Understand, I do not regard the immortality suppliers as likely to do this for altruistic reasons (though, who knows, one or two might surprise us in that regard). They will do it for economically selfish reasons -- because, as the technology progresses, there will be money to be made at lower and lower prices, serving wider and wider markets.
Something similar has happened with every other good and service that has been around long enough to allow the principle time to operate: I don't see why anagathics would be any different in this regard.
Nevertheless, banning technology won't do any good.
Instead, it would do immense harm, the more as it was successful, and also because it would mostly be unsuccessful. You would get a black market commodity that people would be even more willing to kill for than they are currently willing to kill for narcotic drugs! You would get law enforcement struggling to ensure that people die. The corruptive possibilities of all this are terrifying.

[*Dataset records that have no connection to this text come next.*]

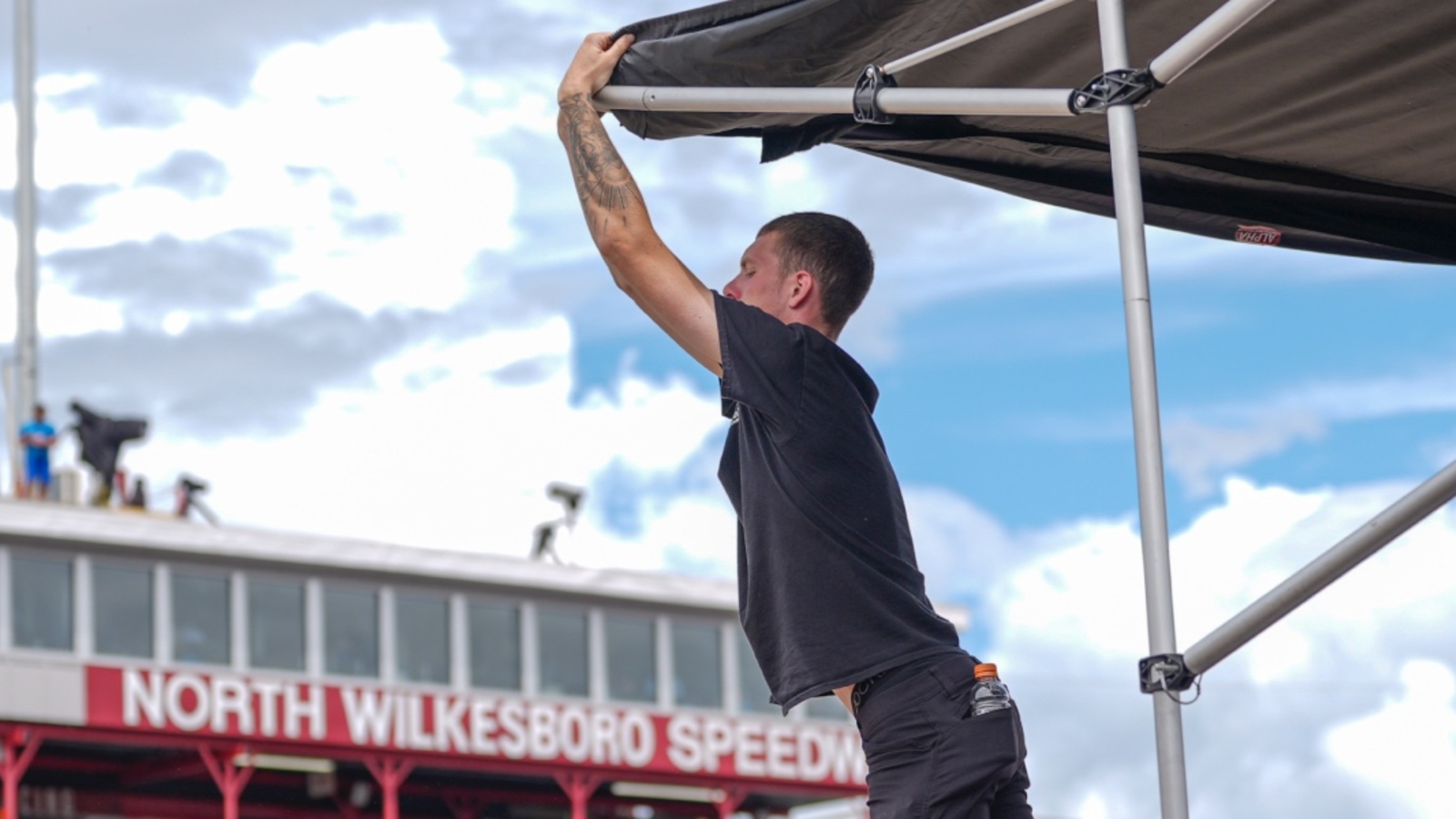 http://www.yardbarker.com/media/5/c/5c0979a771dbc2ff69cbfd4998e06cf8856f2ac2/thumb_16x9/North-Wilkesboro-NASCAR.jpg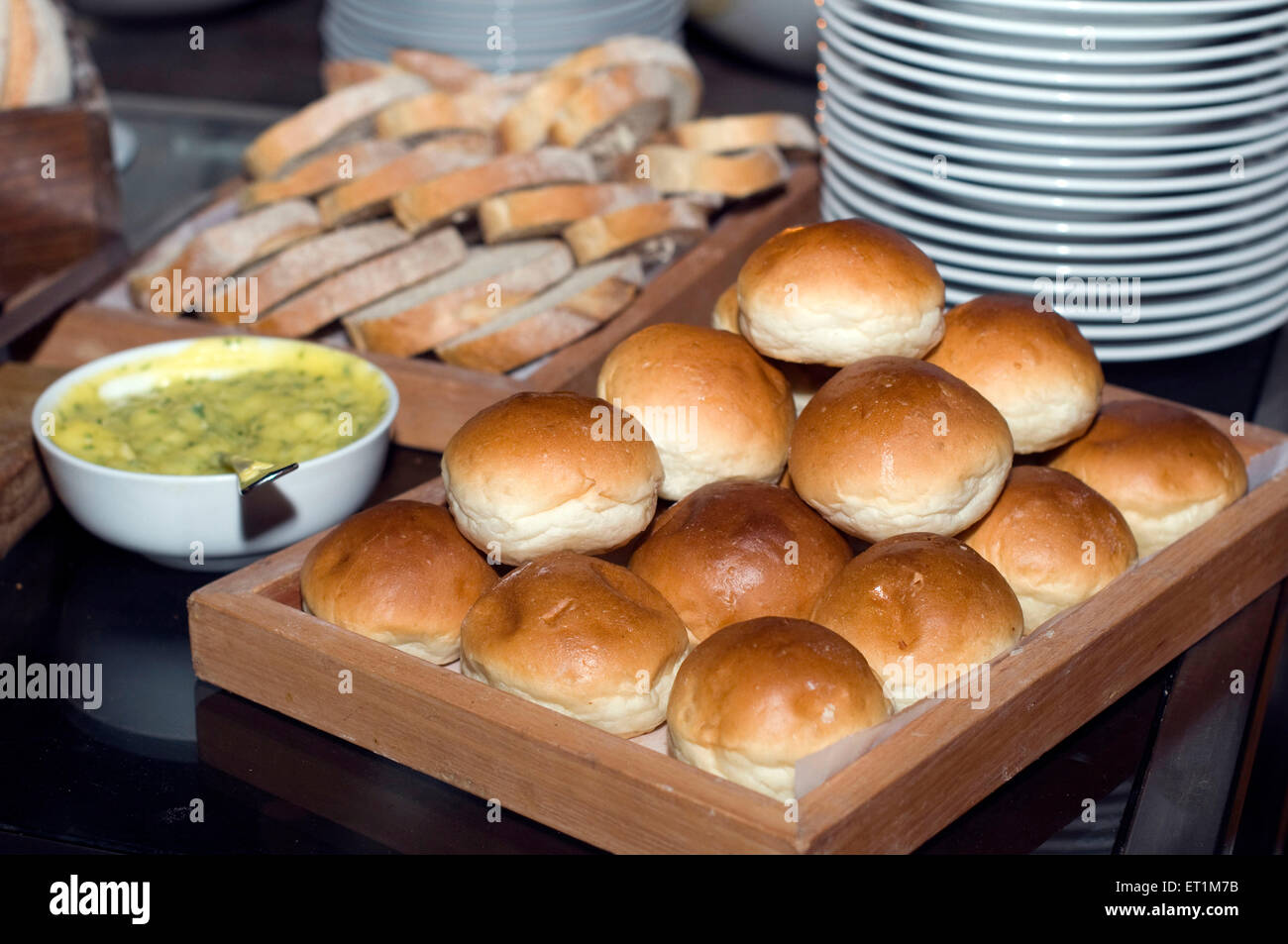 Bun e fette di pane piatti con chutney prevista su di una tavola di Pune India Maharashtra Asia Foto Stock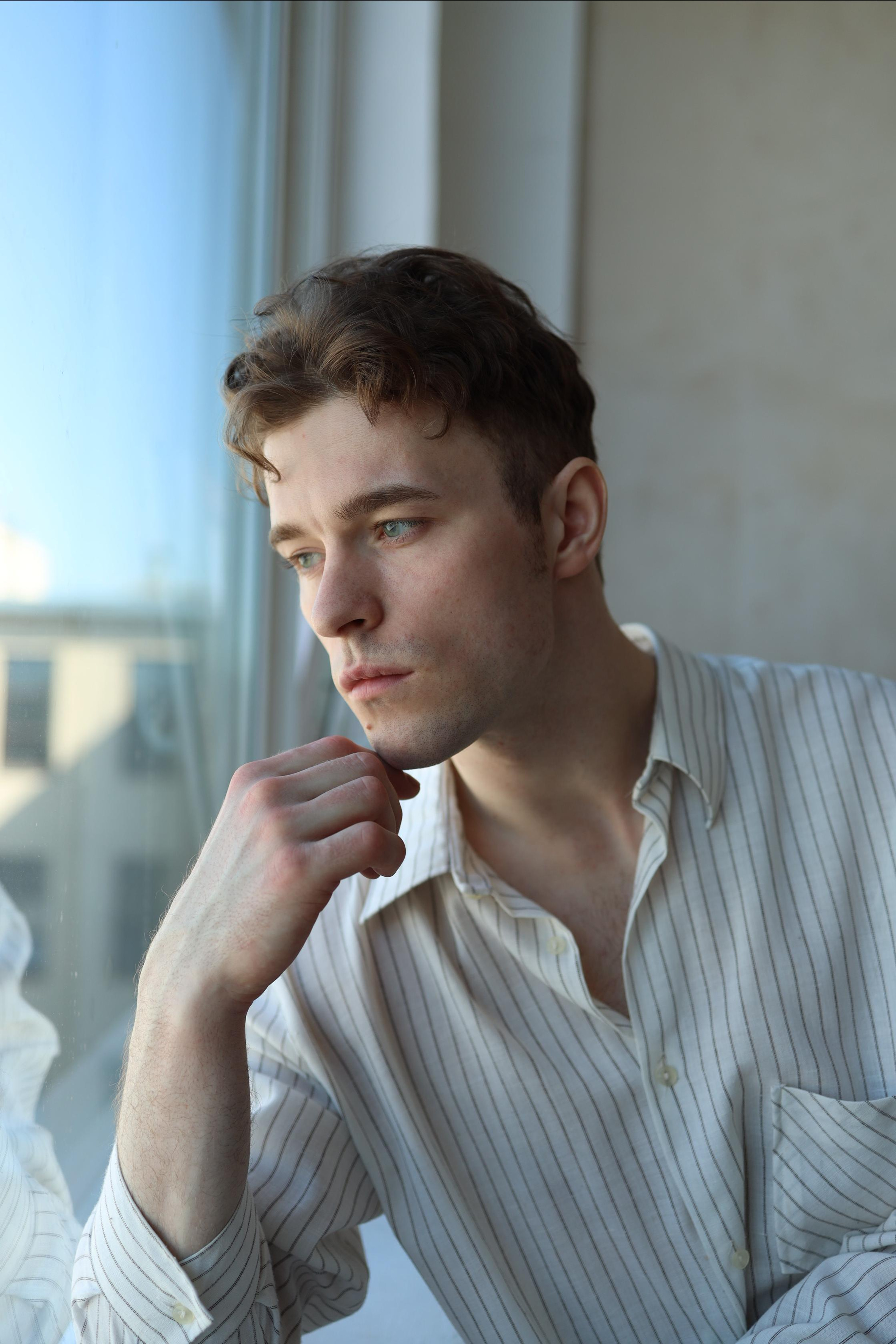 Модель для предметной съемки Михаил Б. С-Петербург | Sale Easy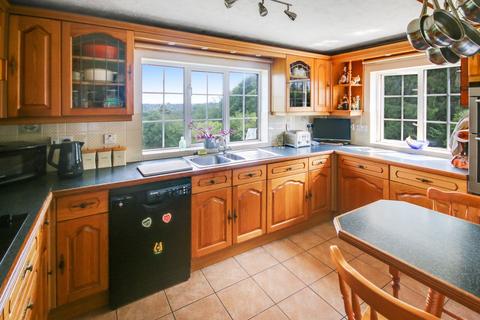 4 bedroom detached house for sale, Saint Hill Road, East Grinstead, RH19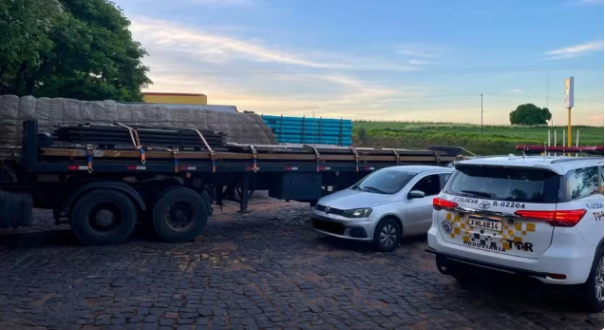 Carga furtada de chapas de aço avaliada em mais de R$ 127 mil é recuperada em Regente Feijó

Better to make people pay for the indirect as well as the direct consequences. (To whit: if you want to live to 150, don't expect the rest of us to foot the bill for it, and expect to be working until age 130.)
Past a certain point, anagathics would become cheap enough that they would be provided free at low-cost or free clinics, just like antibiotics in many cities and countries today. However, if they extend youth rather than merely forestalling death, this really isn't a problem, provided that one changes the allowable benefits collection ages in public pension plans to match the changes in life expectancy.
Admittedly this is a political problem, but should we let such a problem rob us of the chance at eternal, or even extended, life?